___ DATA LISTING ___

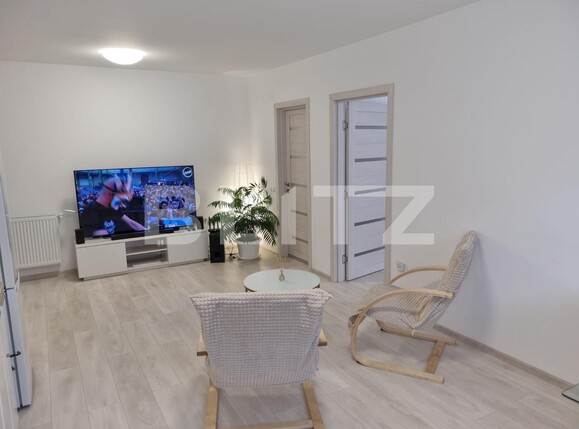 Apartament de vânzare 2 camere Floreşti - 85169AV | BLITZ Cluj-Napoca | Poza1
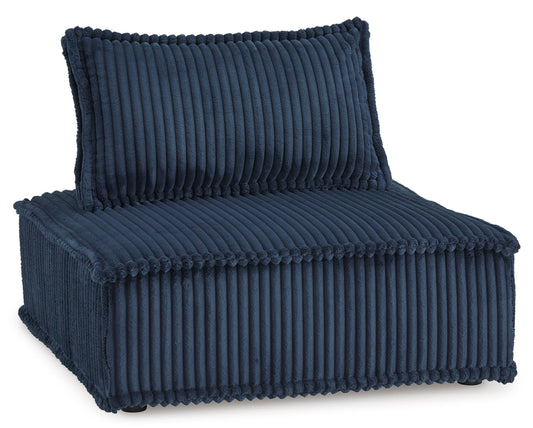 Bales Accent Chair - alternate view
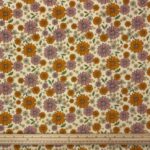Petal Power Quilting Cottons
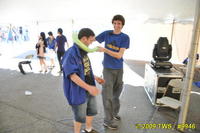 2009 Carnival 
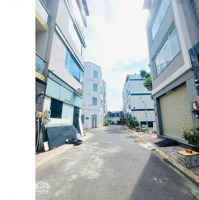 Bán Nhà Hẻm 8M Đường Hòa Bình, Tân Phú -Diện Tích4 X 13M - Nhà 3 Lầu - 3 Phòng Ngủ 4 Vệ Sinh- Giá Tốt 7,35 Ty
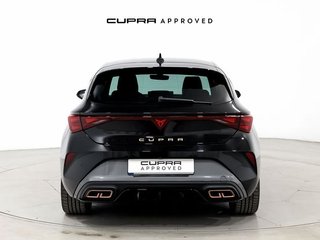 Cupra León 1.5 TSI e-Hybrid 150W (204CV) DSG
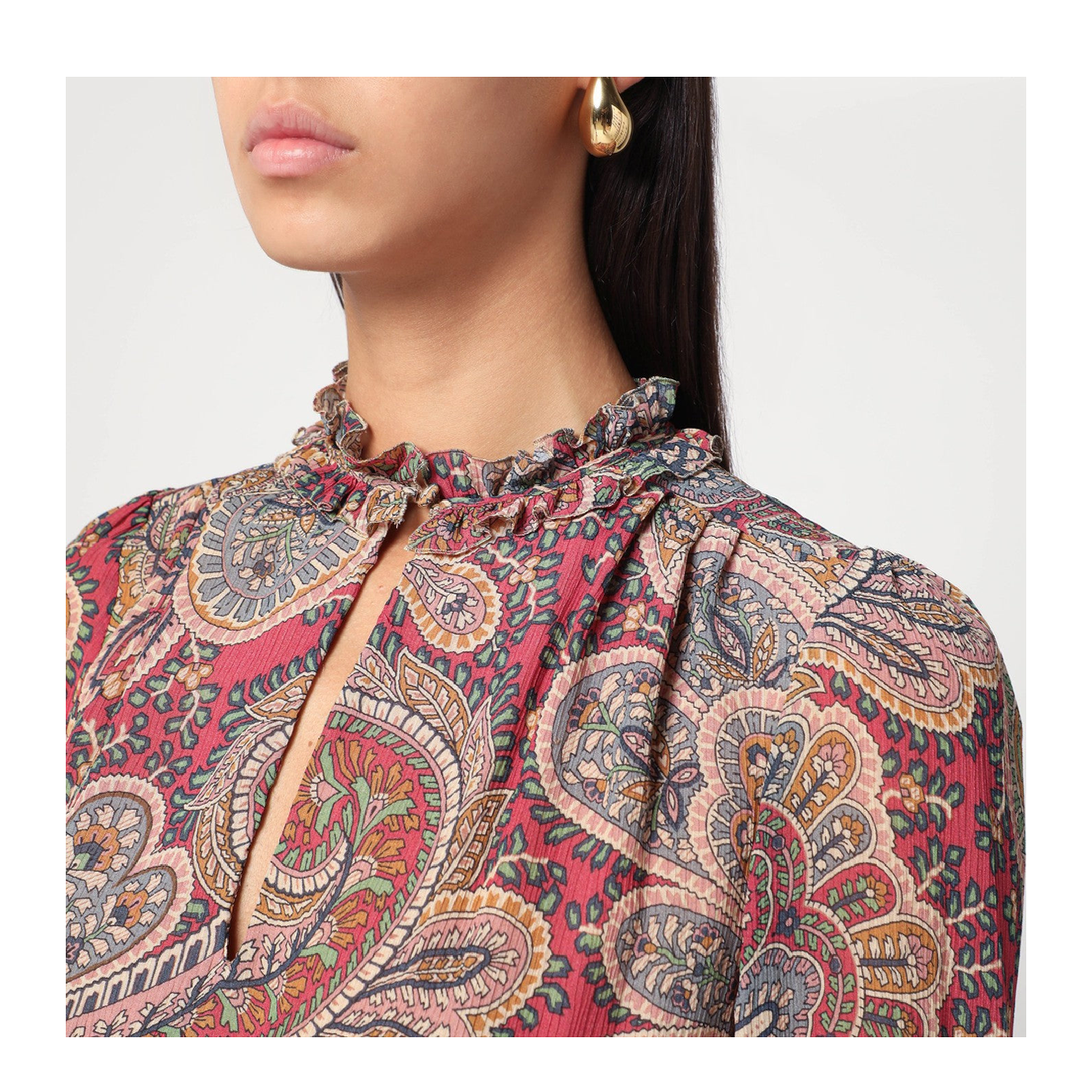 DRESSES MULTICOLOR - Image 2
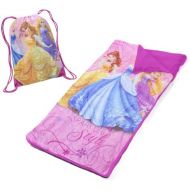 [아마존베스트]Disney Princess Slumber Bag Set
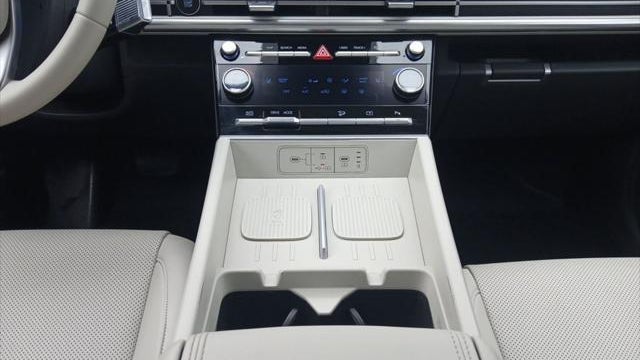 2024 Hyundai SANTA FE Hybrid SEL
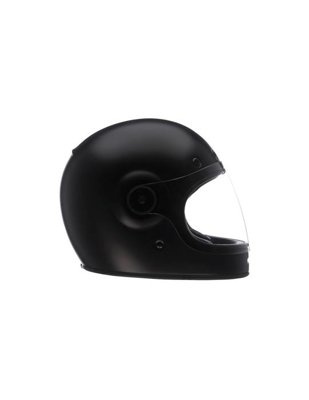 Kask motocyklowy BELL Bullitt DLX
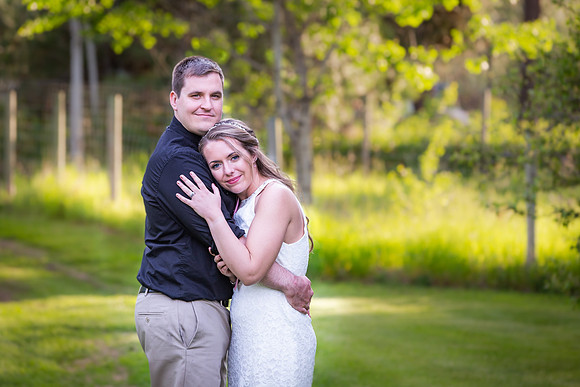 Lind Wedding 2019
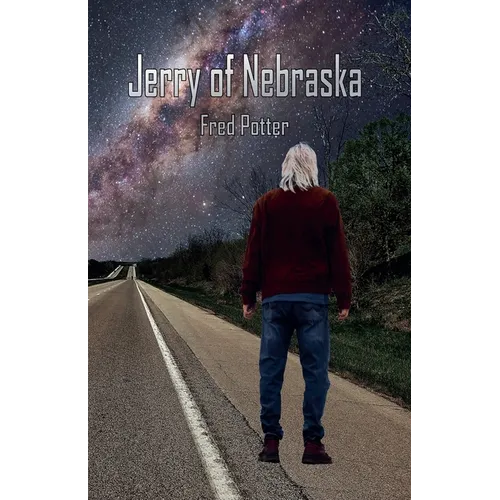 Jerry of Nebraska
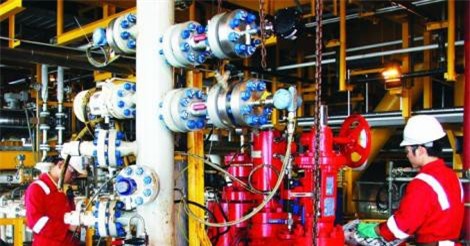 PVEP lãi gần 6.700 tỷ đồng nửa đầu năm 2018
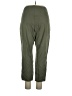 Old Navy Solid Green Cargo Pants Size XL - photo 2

___

### WHAT IS BEING ASKED
Starting at the line that contains "Jerry of Nebraska", retype every line through the end of the material exactly as written, including both end lines but no pictures.

### SOLVED EXERCISE
 Jerry of Nebraska
 PVEP lãi gần 6.700 tỷ đồng nửa đầu năm 2018
 Old Navy Solid Green Cargo Pants Size XL - photo 2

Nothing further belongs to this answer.